From Palermo, a reflection by one of the 17 comrades hit by precautionary measures
I grew in a working-class neighbourhood, one like any other. One of those neighbourhood in which there’s no light at night and in winter not even dogs come out, one of those neighbourhoods abandoned by transports, institutions, services, let alone with run-down streets and floods every month.
In this neighbourhood I grew up and from this neighbourhood I learned how to face hardships. My family lived of the sacrifices of the previous generations, my father has been entitled for four years to redundancy funds and we bear the weight of one of those many mortgages that afflict the lives of proletarian families. The period in school was tough, it had been difficult to buy books, difficult to see my mother crying, difficult to not be able to rely on handouts or facilitations. It had been difficult also to want to learn, to be hungry for knowledge and receive instead puny and falsified concepts at the service of the corporations. It had been difficult to learn everything on my own, what they do not teach you at school, it had been difficult to be without neither opportunities nor occasions. It had been (and still it is) horrible to see neighbourhoods friends, relatives, school mates to die or go to jail, to leave and go away, to succumb to the lack of opportunities and assistance.

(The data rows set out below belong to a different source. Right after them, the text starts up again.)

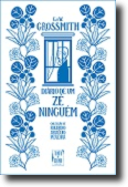 Diário de Um Zé-Ninguém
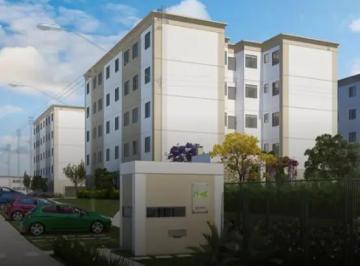 Apartamento para locação no VIVER PELOURINHO, AREIA BRANCA, Salvador, BA · Apartamento para locação no VIVER PELOURINHO, AREIA BRANCA, Salvador, BA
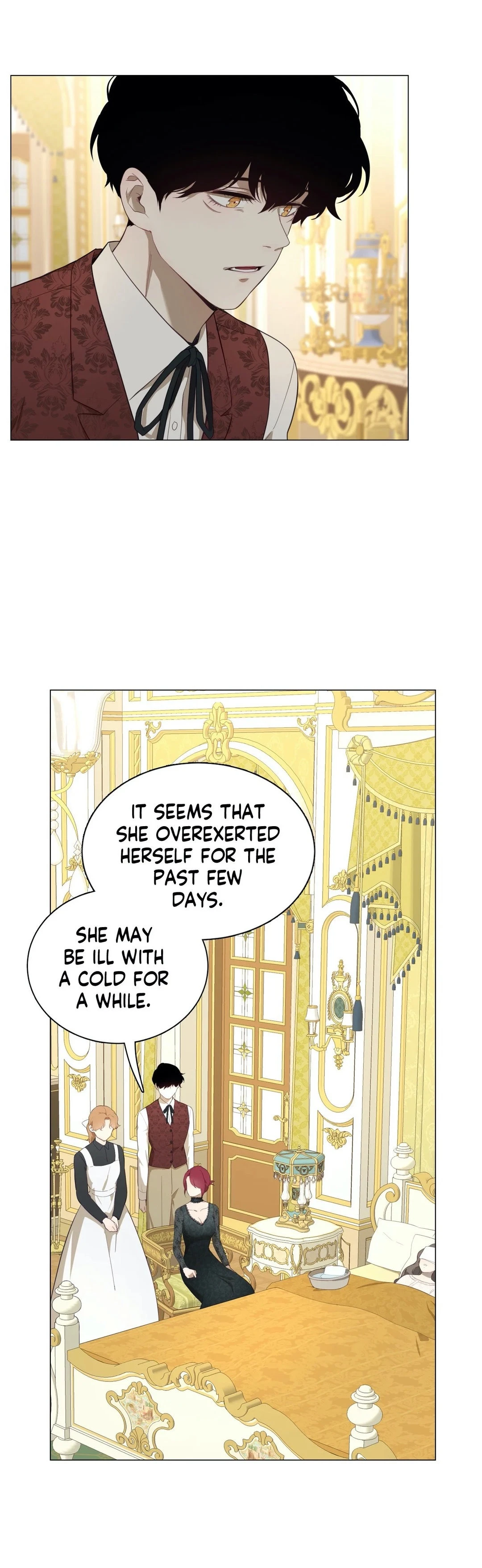 Chapter 56, page 36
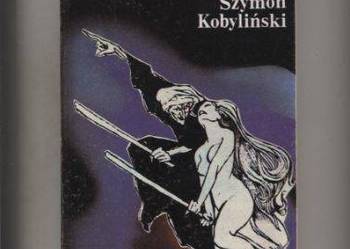 Odpukajmy ! - Kobyliński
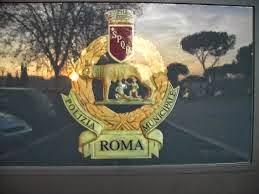 vigili_roma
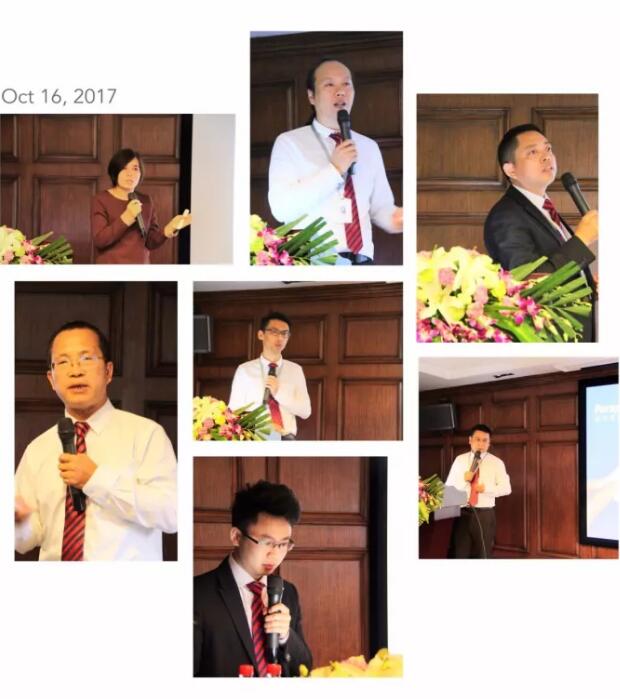 上海紫蘋(píng)果別墅裝飾公司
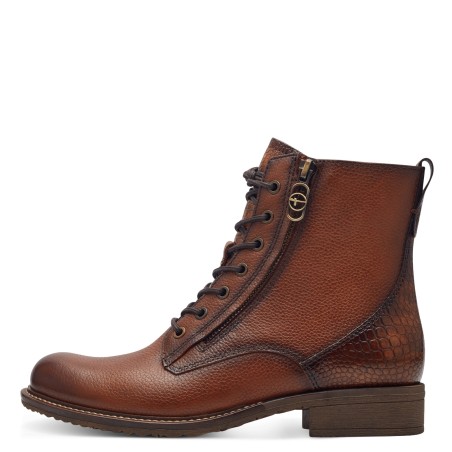 bottine tamaris 1-25211-43...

In this condition, I became a political militant of what is a political organization with a steadfast and enduring history, but that is not a criminal conspiracy. In five years I leaned from scratch what it means to overcome hardships, collectivize, experiences and inexperiences, read and understand the surrounding reality, I learned how to weep and get dirty, I learned how to raise the voice and how to smile. In these five years I grew up as a man, as a social subject, as a political militant.
In these five years I learned what it means to hate for love, what it means to wake up at morning and feel to not be able to live without doing what I do, what it means to break isolation and fragmentation with the support of my comrades, what it means to be supported by the people. In these five years I realized that I do not want anybody else to live through the privations I did live through, I realized that to fight in order to improve livelihoods is not an hobby, but a duty.
Yesterday I was crushed and frustrated by an unstoppable mechanism.
Today we are the lever that stops this mechanism.
I broke the ghetto cage and now I am community.
I erased sadness, desperation, weariness, individualism, indifference, solitude, manipulation. I gained a new life, made of efforts and continuous experimentations, of experiences and community, of consciousness and reflection, of sharing and solidarity, of reappropriation and determination, of change of the present state of things.
I am proud of those 50 thousands of students that marched at my side against the Gelmini [reform of education in 2010], proud of the workers and the precarious with which I defended the right to income, proud of the homeless families with which I affirmed housing rights, proud of the Teatro Mediterraneo Occupato experience, with which I asserted that a different culture is possible.
It took me 20 years to become what I am.
I have not the slightest intention to stop now.